Le incursioni di Pippo
Vivere con i tedeschi
Racconto di A. G. classe 1936
di Davide Cattani
Il 25 aprile 1945 io ero nel cortile con i miei genitori e ricordo che c’erano tante persone che correvano lungo la strada con le braccia in alto, che urlavano contenti: ”La guerra è finita! La guerra è finita!”. Al momento abbiamo festeggiato con loro, ma poi, niente di che, la vita era dura come il giorno prima!
Io avevo avuto uno zio in guerra, era andato in Russia. In realtà è tornato molto tempo dopo la fine della guerra, tanto che ormai noi lo credevamo morto.
Mio papà però era molto informato sulla guerra, perché ascoltava spesso la radio, mi pare “ Radio Praga”, una trasmissione russa. La ascoltava perché in Russia c’era suo fratello, lo zio Armando. Quando ci è arrivata la lettera della scomparsa di mio zio, mio papà è stato l’unico a non perdere la speranza di vederlo tornare… e aveva ragione!
Noi i tedeschi li avevamo in casa! La nostra casa era proprio sulla via Emilia, quindi capitava spesso che si fermassero i soldati per mangiare o per far riposare i cavalli. Non erano sempre gli stessi anzi, spesso ne arrivavano dei nuovi. La cosa peggiore è che volevano tutti essere trattati come dei re, soprattutto i comandanti. Quando si fermavano da noi pretendevano di dormire nelle nostre stanze e noi dovevamo trasferirci nella stalla, oppure eravamo obbligati a dormire tutti e dodici insieme in una stanza sopra della paglia. Noi però non parlavamo con loro, anche perché non ci capivamo, ma credo che anche tra di loro ci fossero i buoni e i più cattivi.
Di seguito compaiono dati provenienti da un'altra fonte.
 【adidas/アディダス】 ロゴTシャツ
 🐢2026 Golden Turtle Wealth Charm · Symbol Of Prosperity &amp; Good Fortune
Noi ragazzi avevamo molta paura degli aeroplani. Ce n’era uno che chiamavamo Pippo e che arrivava di notte: se vedeva della luce sganciava una bomba. Questo è il motivo per cui dopo un certo orario c’era il coprifuoco e dovevamo spegnere tutta le luci.
La leva, cioè andare in guerra, era obbligatoria solo per alcune annate, come quelle del 1921 e del 1922. Mio padre fortunatamente era troppo vecchio, mentre lo zio Peppo, l’ultimo nato, era troppo giovane. Mio zio Gino invece, che era del ’22, sarebbe dovuto andare in guerra ma lui ha preferito disertare e si è nascosto nel nostro fienile. Se l’avessero trovato non so che cosa sarebbe successo, meglio non pensarci!
Noi non capivamo proprio tutto quello che stava succedendo, ma non ci attentavamo a fare tante domande perché avevamo troppa soggezione dei grandi.
Una volta un soldato tedesco, in cambio di non so cosa, aveva dato a mia madre un pezzo di tenda militare, quella verde e marrone. Mia madre ha fatto delle gonne per noi bimbe, ma io avevo molta paura a metterla; così quando incontravo nel cortile un soldato tedesco e avevo indosso quella gonna andavo a nascondermi nella porcilaia, perché avevo paura che mi portasse via.